12/12/08

El pelo largo, Shakespare y la muerte

Jueves, medianoche. En un serpenteante colectivo de la línea 27, iba pensando en posibles temas para escribir en esta columna. En tres lugares distintos del ómnibus, tres hombres de pelo largo cavilábamos cada uno en nuestras propias y etéreas cuestiones. No nos conocíamos, y ese solo hecho bien podía valer una reflexión. Unos 15 o 20 años atrás, que tres hombres de pelo largo se encontraran en un colectivo y no se conocieran era un hecho bastante difícil de darse. La comunidad "pelilarga" paraguaya no solo se ha extendido en todo este tiempo, sino que se ha diversificado: si antes estaba casi exclusivamente relacionado al ambiente rockero, hoy otras tribus urbanas hacen uso del siempre vilipendiado look, heraldo de la machista sospecha masculina.
Seguía yo pensando en qué escribir en esta columna, con el sonido de entraña rugiente del colectivo de fondo. Tal vez -me dije- urdir razones que sostengan mi conjetura en un breve e inacabado debate que tuve días atrás con un amigo: los dos creemos que con solo Shakespeare, Quevedo y Borges (yo, pienso ahora, agregaría a Cervantes) podríamos vivir sin problemas.
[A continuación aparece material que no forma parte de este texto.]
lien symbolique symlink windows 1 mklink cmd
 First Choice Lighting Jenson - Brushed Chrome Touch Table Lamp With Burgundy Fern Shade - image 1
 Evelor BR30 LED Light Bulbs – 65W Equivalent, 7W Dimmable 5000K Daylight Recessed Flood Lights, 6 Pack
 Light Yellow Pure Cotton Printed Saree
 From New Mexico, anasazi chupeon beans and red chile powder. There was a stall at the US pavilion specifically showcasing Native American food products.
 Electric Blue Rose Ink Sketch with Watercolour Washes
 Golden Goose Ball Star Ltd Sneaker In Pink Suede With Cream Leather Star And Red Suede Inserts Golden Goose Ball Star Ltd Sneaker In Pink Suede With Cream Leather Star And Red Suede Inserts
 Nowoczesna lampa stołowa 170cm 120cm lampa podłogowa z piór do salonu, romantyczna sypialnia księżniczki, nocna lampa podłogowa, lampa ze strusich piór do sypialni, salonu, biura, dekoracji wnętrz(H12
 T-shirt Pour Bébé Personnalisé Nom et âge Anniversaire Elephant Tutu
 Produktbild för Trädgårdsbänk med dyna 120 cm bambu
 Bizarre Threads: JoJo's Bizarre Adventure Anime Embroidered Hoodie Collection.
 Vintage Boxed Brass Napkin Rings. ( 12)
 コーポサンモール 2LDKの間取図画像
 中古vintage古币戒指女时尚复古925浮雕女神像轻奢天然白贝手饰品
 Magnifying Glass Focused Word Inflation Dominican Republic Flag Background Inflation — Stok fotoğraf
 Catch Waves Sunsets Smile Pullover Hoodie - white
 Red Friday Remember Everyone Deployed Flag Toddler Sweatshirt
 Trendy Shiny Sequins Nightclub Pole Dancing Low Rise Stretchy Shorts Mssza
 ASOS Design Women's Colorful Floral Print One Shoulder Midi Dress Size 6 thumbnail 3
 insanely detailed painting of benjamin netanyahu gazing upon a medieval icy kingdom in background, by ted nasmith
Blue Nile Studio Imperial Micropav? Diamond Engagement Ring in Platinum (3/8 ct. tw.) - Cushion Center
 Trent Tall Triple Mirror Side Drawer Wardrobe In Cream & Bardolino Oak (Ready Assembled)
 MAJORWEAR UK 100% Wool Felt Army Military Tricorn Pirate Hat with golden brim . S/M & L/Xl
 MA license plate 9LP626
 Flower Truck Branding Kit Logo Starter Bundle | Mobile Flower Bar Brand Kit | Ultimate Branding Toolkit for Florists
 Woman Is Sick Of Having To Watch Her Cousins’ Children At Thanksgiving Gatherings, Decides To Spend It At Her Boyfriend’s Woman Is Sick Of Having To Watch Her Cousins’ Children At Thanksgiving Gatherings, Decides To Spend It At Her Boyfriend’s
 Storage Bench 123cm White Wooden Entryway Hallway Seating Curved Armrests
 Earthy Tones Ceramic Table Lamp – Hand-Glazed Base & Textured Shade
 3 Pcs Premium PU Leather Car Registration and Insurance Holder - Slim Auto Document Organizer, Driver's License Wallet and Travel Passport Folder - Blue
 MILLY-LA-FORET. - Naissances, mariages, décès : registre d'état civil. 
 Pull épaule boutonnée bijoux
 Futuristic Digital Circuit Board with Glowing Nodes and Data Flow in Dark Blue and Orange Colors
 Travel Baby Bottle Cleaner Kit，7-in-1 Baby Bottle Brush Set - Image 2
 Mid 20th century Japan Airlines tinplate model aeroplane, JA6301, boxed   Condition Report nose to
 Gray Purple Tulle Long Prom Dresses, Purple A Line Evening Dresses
Pero, le decía a mi amigo, con una importante puntualización: Quevedo y Borges (y Cervantes) nos ayudan sobre todo en la tarea de la escritura, Shakespeare es para cualquier ámbito de la vida humana, se sea o no escritor. En eso pensaba y me decía: "Ahí está, ese es el tema de la columna", cuando de repente sentí una tambaleante presencia a mi lado: un hombre borracho que se sentaba. Era de mediana edad, moreno y pelo muy corto. Tenía esa sensación que a veces tenemos en los colectivos, cuando sabemos que inevitablemente cierto casual compañero de asiento terminará buscándonos conversación. Así fue. Pero lo que vino, no me esperaba:
- ¿Sabés que matar a una persona es lo más fácil del mundo?
La pregunta, dicha así sin transición, me incomodó, pero no me arredré. Le seguí la corriente:
- ¿Ah, si?
- Sí. En la punta de este dedo está la sensibilidad. Lo demás está acá- me dijo, apuntándose a la cabeza el mismo dedo índice del cual me hablaba.
- ¿Vos manejás armas? - me preguntó, y le dije que no. Se sorprendió.
- Cómo que no. Qué raro. Ustedes los de pelo largo siempre son unos... unos… mercenarios.
Utilizó ese término: "mercenarios". Parecía no poder expresar exactamente lo que quería decir, pero al mismo tiempo decía mucho de su prejuicio y su inquina contra los pelilargos. Se rió bruscamente. Luego me preguntó mi nombre. Se lo dije y me dijo el suyo: Alfredo. Mi destino estaba a una cuadra y tuve que bajarme, abruptamente. No hubo tiempo para preguntarle lo que, con curiosidad de escritor, quería: si alguna vez había matado a alguien. Me miró, algo desorientado, me dio paso, una palmada en el hombro y me dejó bajar.
Subiendo las escaleras del lugar a donde me dirigía, mezclé todo: el pelo largo, Shakespeare, la muerte. Cuando saludé a los amigos que me esperaban, en una de esas rondas de cerveza habituales, aún no sabía que todo eso junto, a fin de cuentas, sería el tema de esta columna. Casi nada, al parecer, pero casi todo.